> _Task details_:
Every line of the material below needs to be copied exactly; omit the pictures.

(Data shown Opens)

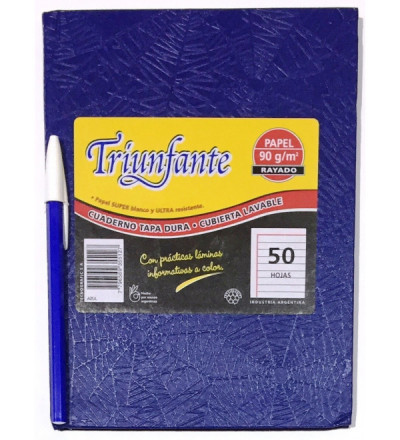 CUADERNO TRIUNFANTE 50 HOJAS RAYADO AZUL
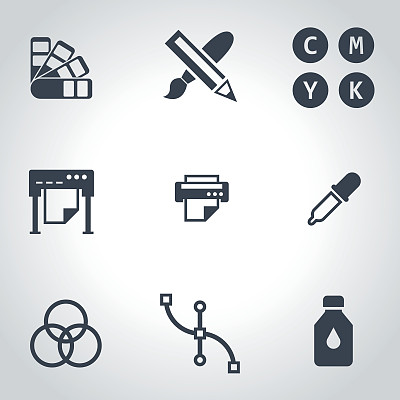 向量黑色polygraphy图标设置图片下载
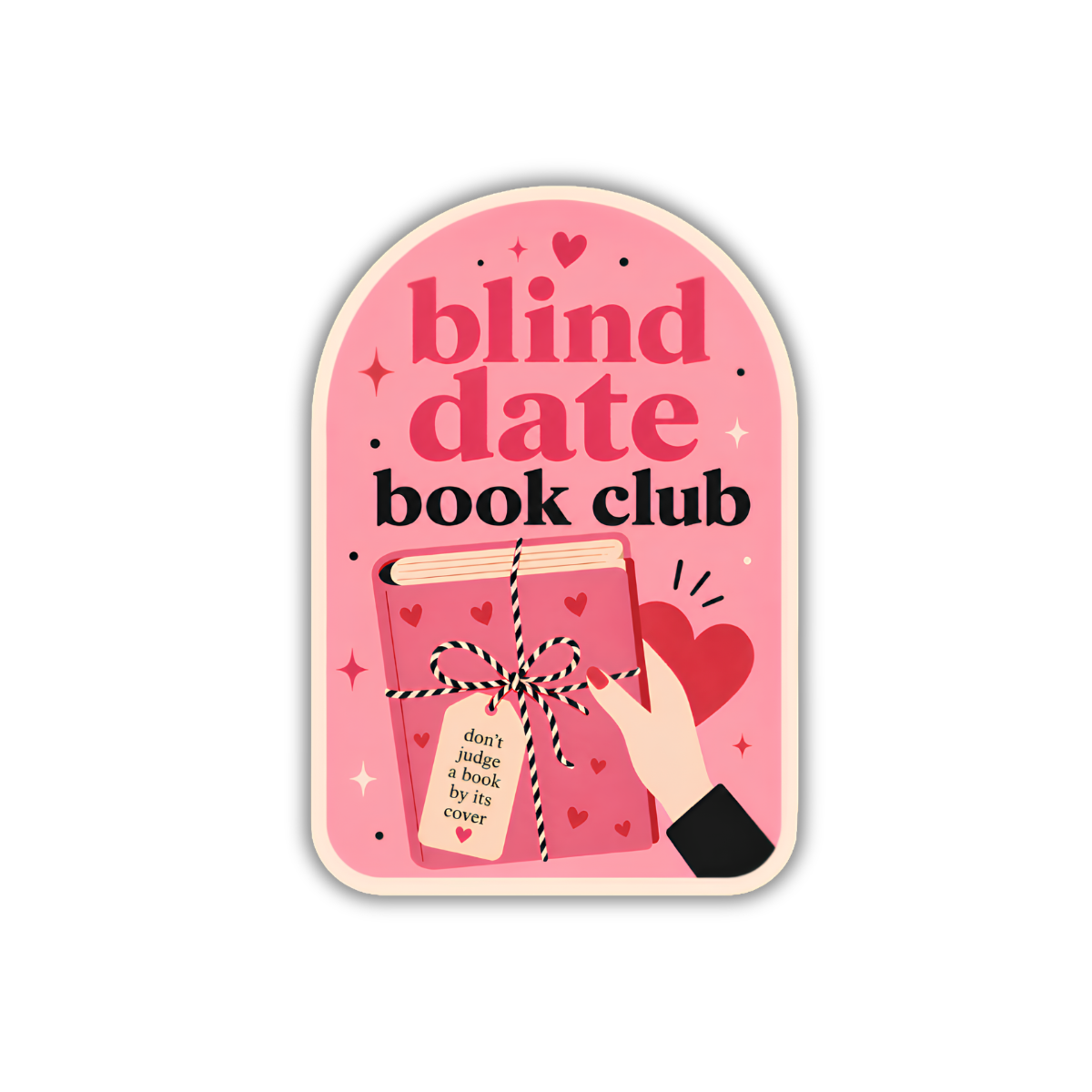 Sticker with 'blind date book club' text and a design of a hand holding a book.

(Data shown Closes)

> _Exercise solution_:
 CUADERNO TRIUNFANTE 50 HOJAS RAYADO AZUL
 向量黑色polygraphy图标设置图片下载
 Sticker with 'blind date book club' text and a design of a hand holding a book.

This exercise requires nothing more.